The official Nagios plugin 'check_disk' is one of the oldest and probably one of the most powerful plugins. However in most scenarios the disk checks using check_disk are only using a percentage of the full force.
A very typical disk check looks like this:
# check free disk space on / partition
/usr/lib/nagios/plugins/check_disk -w 20% -c 10% -p /
DISK OK - free space: / 516 MB (56% inode=98%);| /=393MB;791;890;0;989
There's also the possibility to check all available partitions with one command:
# check all free disk space
/usr/lib/nagios/plugins/check_disk -w 20% -c 10%
DISK CRITICAL - free space: / 516 MB (56% inode=98%); /dev 0 MB (0% inode=-); /tmp 910 MB (99% inode=99%); /usr 72906 MB (66% inode=97%); /var 5210 MB (57% inode=95%); .................
But with this command the plugin returns a HUGE list of different file systems. Why? Because on this particular server (a shared hosting server running FreeBSD) has all its customer folders chrooted with zfs quota. So each customer is shown like this in df:
df -h | grep webcustomer1
datapool/home/webcustomer1 15G 7.5G 7.5G 50% /home/webcustomer1/
/bin 989M 393M 516M 43% /home/webcustomer1/bin
/lib 989M 393M 516M 43% /home/webcustomer1/lib
/libexec 989M 393M 516M 43% /home/webcustomer1/libexec
/usr/bin 116G 36G 71G 34% /home/webcustomer1/usr/bin
/usr/lib 116G 36G 71G 34% /home/webcustomer1/usr/lib
/usr/lib32 116G 36G 71G 34% /home/webcustomer1/usr/lib32
/usr/local/bin 116G 36G 71G 34% /home/webcustomer1/usr/local/bin
/usr/local/lib 116G 36G 71G 34% /home/webcustomer1/usr/local/lib
/usr/local/share 116G 36G 71G 34% /home/webcustomer1/usr/local/share
/usr/share/locale 116G 36G 71G 34% /home/webcustomer1/usr/share/locale
/usr/share/misc 116G 36G 71G 34% /home/webcustomer1/usr/share/misc
devfs 1.0k 1.0k 0B 100% /home/webcustomer1/dev
So for each customer there are several mount points which are actually always the same mount points for all customers. check_disk doesn't care about that - it will measure bin, lib, dev, etc for each customer. If you count 300 customers you make check_disk check at least 3900 file systems. Not even overkill is a word which would match that correctly....
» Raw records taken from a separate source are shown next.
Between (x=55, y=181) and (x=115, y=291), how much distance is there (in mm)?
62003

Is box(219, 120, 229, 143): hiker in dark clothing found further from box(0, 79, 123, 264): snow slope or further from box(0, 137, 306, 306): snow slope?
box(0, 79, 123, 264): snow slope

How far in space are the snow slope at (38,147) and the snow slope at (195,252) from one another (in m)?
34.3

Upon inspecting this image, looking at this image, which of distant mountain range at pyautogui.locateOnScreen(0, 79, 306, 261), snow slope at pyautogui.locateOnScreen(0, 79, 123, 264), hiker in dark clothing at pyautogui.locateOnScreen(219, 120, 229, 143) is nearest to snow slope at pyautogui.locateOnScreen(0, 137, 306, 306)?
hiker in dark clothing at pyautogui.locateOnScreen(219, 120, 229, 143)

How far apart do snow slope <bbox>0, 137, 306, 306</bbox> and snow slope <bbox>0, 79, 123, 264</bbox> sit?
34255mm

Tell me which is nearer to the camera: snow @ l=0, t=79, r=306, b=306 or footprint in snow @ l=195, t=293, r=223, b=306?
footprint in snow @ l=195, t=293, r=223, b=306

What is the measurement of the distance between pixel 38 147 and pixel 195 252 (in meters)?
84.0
So I dug into the manpage of check_disk and took a look what is actually possible. I found two methods how to use check_disk to check the user quotas in a fast and reliable way.
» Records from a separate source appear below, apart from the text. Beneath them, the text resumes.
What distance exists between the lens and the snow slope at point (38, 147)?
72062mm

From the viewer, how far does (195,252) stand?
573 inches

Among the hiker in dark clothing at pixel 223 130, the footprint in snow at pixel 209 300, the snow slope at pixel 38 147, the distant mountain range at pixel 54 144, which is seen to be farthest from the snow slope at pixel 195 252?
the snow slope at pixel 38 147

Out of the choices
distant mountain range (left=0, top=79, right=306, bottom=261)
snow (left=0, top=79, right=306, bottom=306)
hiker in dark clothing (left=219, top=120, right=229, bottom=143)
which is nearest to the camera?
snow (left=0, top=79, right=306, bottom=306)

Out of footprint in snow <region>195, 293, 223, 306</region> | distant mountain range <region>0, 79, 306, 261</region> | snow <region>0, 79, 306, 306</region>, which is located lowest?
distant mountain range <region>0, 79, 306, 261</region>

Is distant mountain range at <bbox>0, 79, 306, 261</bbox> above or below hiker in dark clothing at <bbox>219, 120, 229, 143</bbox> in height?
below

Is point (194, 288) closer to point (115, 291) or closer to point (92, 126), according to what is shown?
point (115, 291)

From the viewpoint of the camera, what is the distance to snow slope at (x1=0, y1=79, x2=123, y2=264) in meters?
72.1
1) By using a regular expression and ignore list
# check the home file systems but ignore bin, lib, libexec, usr, etc. Do not output each file system which is OK (-e).
/usr/lib/nagios/plugins/check_disk -w 100 -c 50 -r home -i "(bin|lib|libexec|usr|dev)"
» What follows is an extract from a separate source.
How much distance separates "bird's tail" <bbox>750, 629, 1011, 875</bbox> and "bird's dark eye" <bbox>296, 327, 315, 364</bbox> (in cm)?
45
DISK OK| /home=0MB;329293;329343;0;329393 /home/webcustomer1/=35MB;5020;5070;0;5120 /home/webcustomer2/=24MB;5020;5070;0;5120 /home/webcustomer3/=897MB;5020;5070;0;5120 .......
Time to explain. I set the warning threshold to 100 (MB), the critical threshold to 50 (MB). I told check_disk to look for "home" in the file systems (-r home) but to ignore file systems containing bin, lib, libexec, usr and dev.
The -e parameter doesn't output the DISK OK status for each found file systems, it only would output the file system in a warning or critical state.
2) By ignoring certain file system types (preferred)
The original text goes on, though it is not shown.